A statement issued by the spokesman of the northwestern region’s leader, Mohamoud Warsame Jama, said that a visiting UAE delegation made up of 12 members conveyed their country’s regret for the assertion made by the State Minister For Foreign Affairs, Anwar Gargash.

Mohamoud Warsame Jama, Muse Bihi’s spokesman

By The Star Staff Writer

MOGADISHU— The United Arab Emirates will issue official statement on the recent claim made by one of its ministers who said that its military and trade deals with Somali politicians in the north were the result of understandings with previous Somali administrations.

A statement issued by the spokesman of the northwestern region’s leader, Mohamoud Warsame Jama, said that a visiting UAE delegation made up of 12 members conveyed their country’s regret for the assertion made by the State Minister For Foreign Affairs, Anwar Gargash.

“The (United Arab) Emirates delegation has shown to the president that as a country it regretted the erroneously translated statement of the state minister, saying that it will respond in an official, written statement,” said the statement.

Gargash has recently told the BBC Arabic Service that his country had only cut deals with Somali politicians in the northwestern region after reaching “understandings” with previous Somali governments.

“The understandings (between us and previous Somali governments) were clear. The political understanding was to support a united Somalia,” Gargash said. “We don’t have a consulate in Somaliland, nor do we have an embassy there.” The northwestern region calls itself Somaliland, a designation that is not recognized by the international community.

The Somali government denies having any knowledge of such understandings.  Officials from previous administrations have also denied being party to any military or trade deal with UAE.

The United Arab Emirates’ unilateral agreements to run the port of Berbera and establish a military base there have sparked a bitter diplomatic tension between Abu Dhabi and Mogadishu.

Somalia’s national government rejected the deals as violation of its sovereignty, while the United Arab Emirates still maintains that they’re binding.

The Somali parliament has last month invalidated the deals and barred the UAE’s DP World from operating in the Horn of Africa nation.

Somalia was particularly angered when the port of Berbera deal allowed Ethiopia to control a 19 percent stake, while DP World got a 51 per cent stake. Somalia had only a 30 percent share.

Last month, Somalia took its protest to the United Nation Security Council, asking the world body to take action against the Emirates for violating its sovereignty.

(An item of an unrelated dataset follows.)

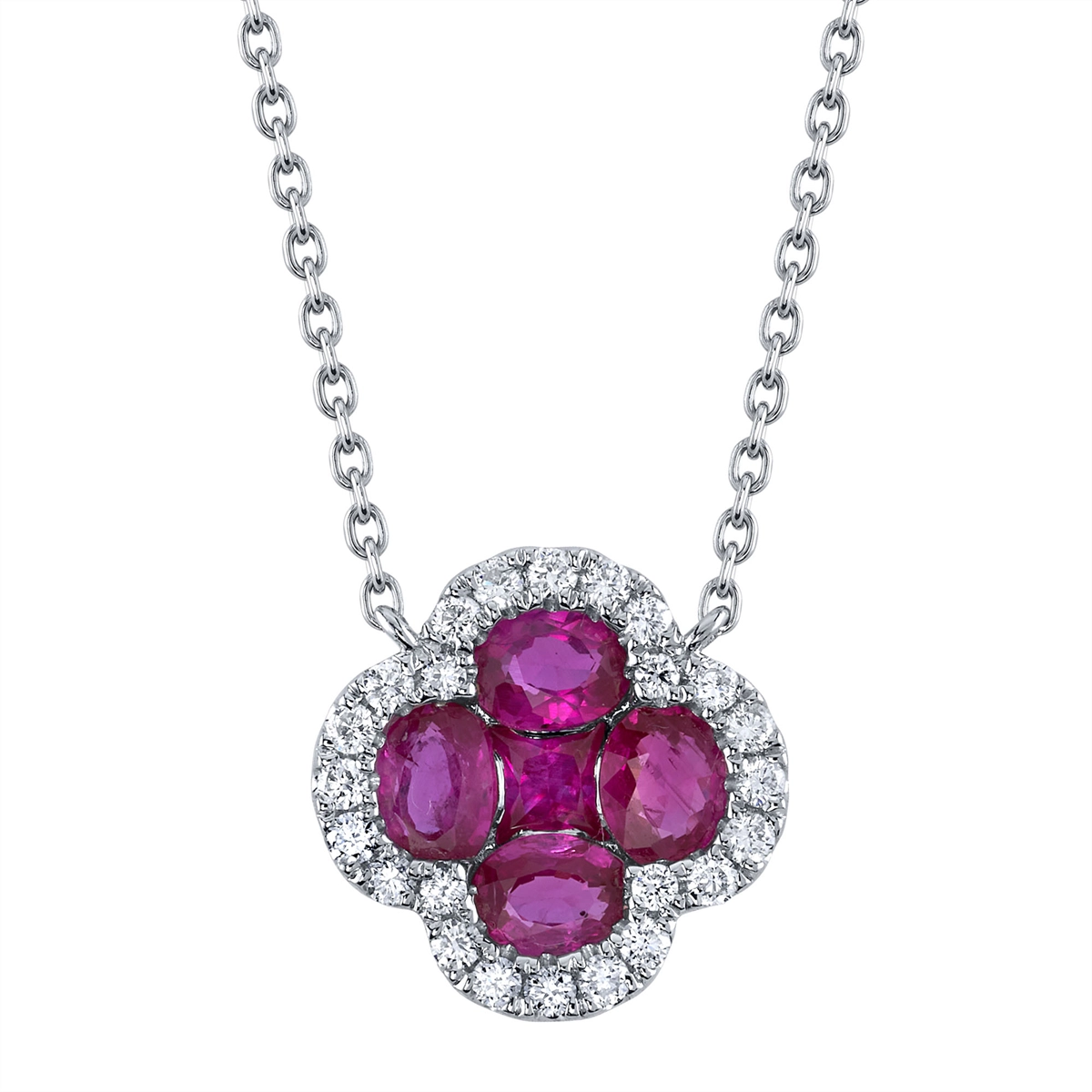 Necklaces Necklaces in White Gold containing Multi-gemstone, Diamond, Ruby 428449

The statement said the UAE pledged to support the region’s army “in terms of equipment and training” to strengthen the region’s security.

The delegation, the statement said, also confirmed to local leaders that the Gulf state will “buy Somaliland’s livestock that will be exported directly to them.”

“The leadership of the (United) Arab Emirates has shown their country’s determination to strengthen the longstanding relationship between the two countries, Somaliland and (United) Arab Emirates,”  said the statement.

The UAE’s move in the northeastern region is set to further strain the already frosty relationship between the Gulf state and the Somali national government.